Data provided:

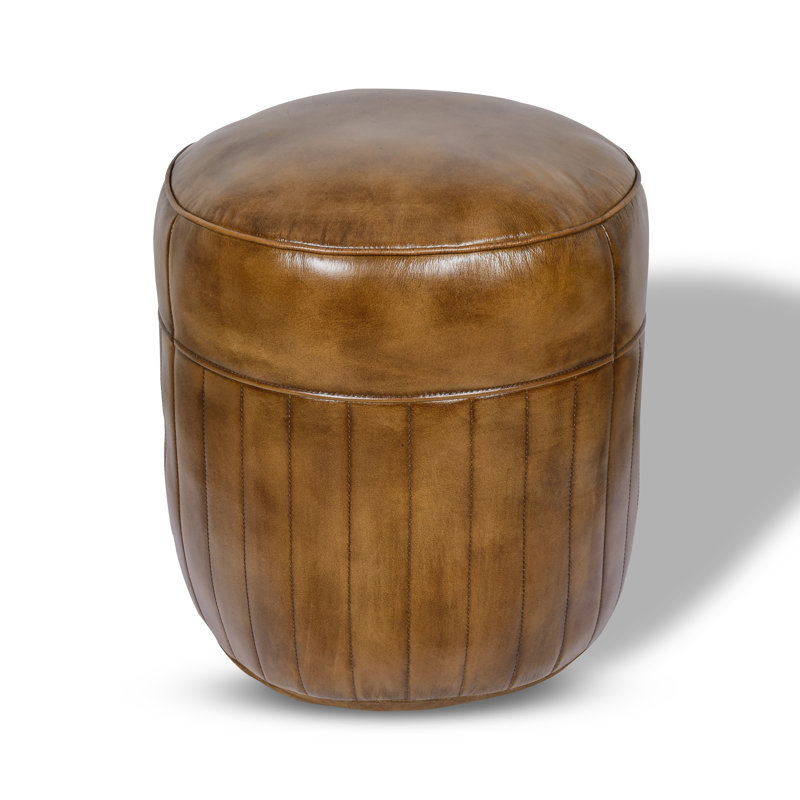 46cm Wide Genuine Leather Pouffe Ottoman, Brown Genuine Leather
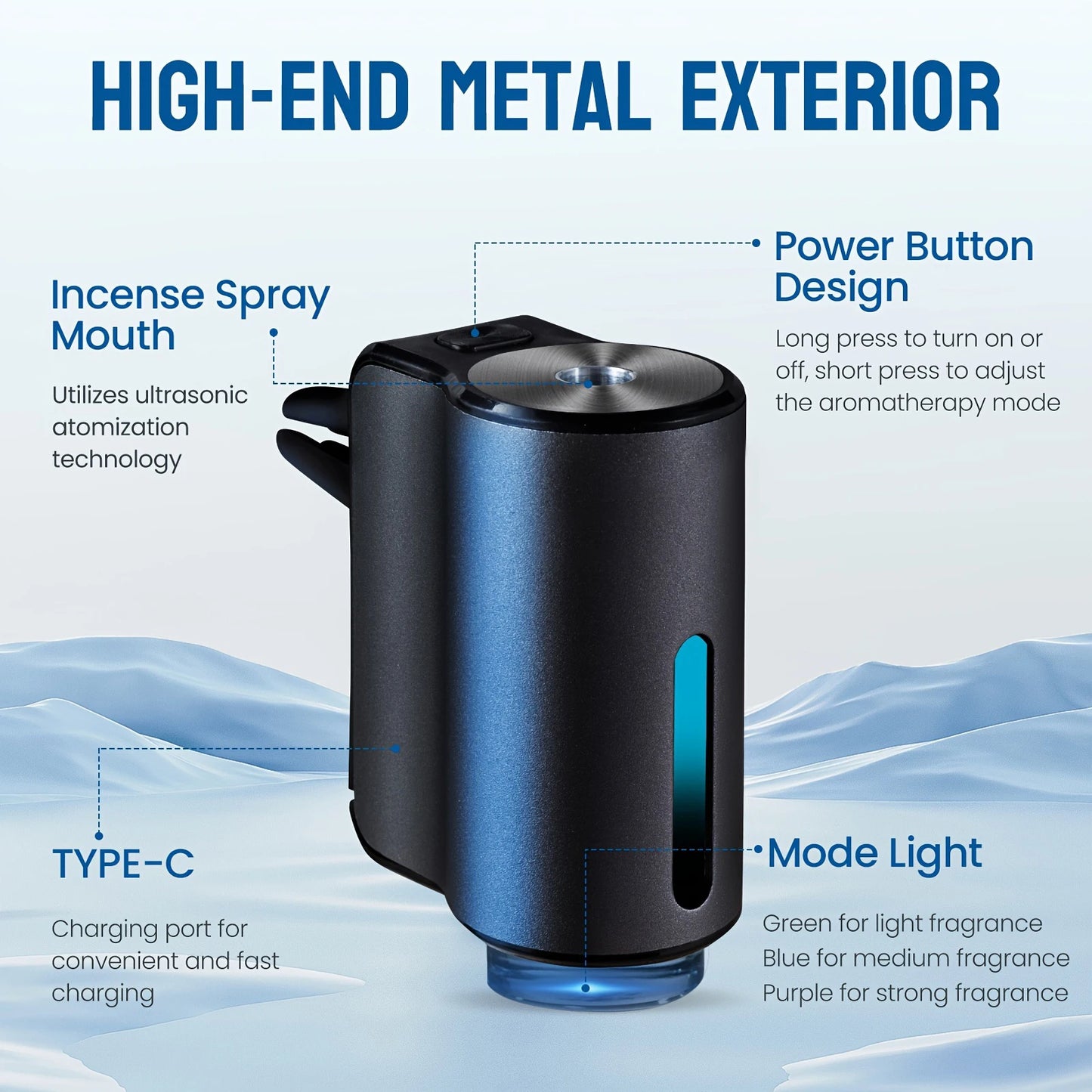 Car Air Freshener with Electrical Auto Aroma Diffuser [Essential Oil Mist Humidifier For Fragrance Aromatherapy]
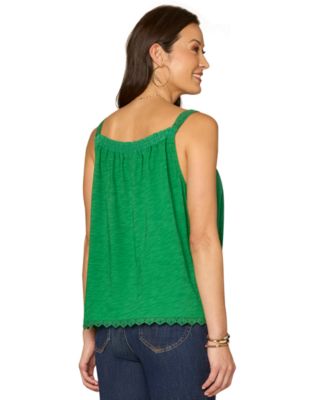 Petite Square Neck Embroidered Front Tank Top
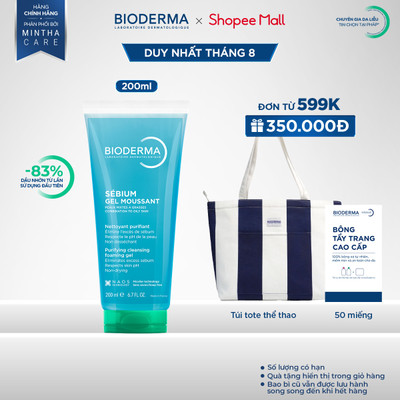 Gel rửa mặt tạo bọt cho da hỗn hợp và da dầu Bioderma Sebium Gel Moussant - 200ml (dạng tuýp)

Your assignment: Drop the pictures and copy the data exactly.

Answer box:
 46cm Wide Genuine Leather Pouffe Ottoman, Brown Genuine Leather
 Car Air Freshener with Electrical Auto Aroma Diffuser [Essential Oil Mist Humidifier For Fragrance Aromatherapy]
 Petite Square Neck Embroidered Front Tank Top
 Gel rửa mặt tạo bọt cho da hỗn hợp và da dầu Bioderma Sebium Gel Moussant - 200ml (dạng tuýp)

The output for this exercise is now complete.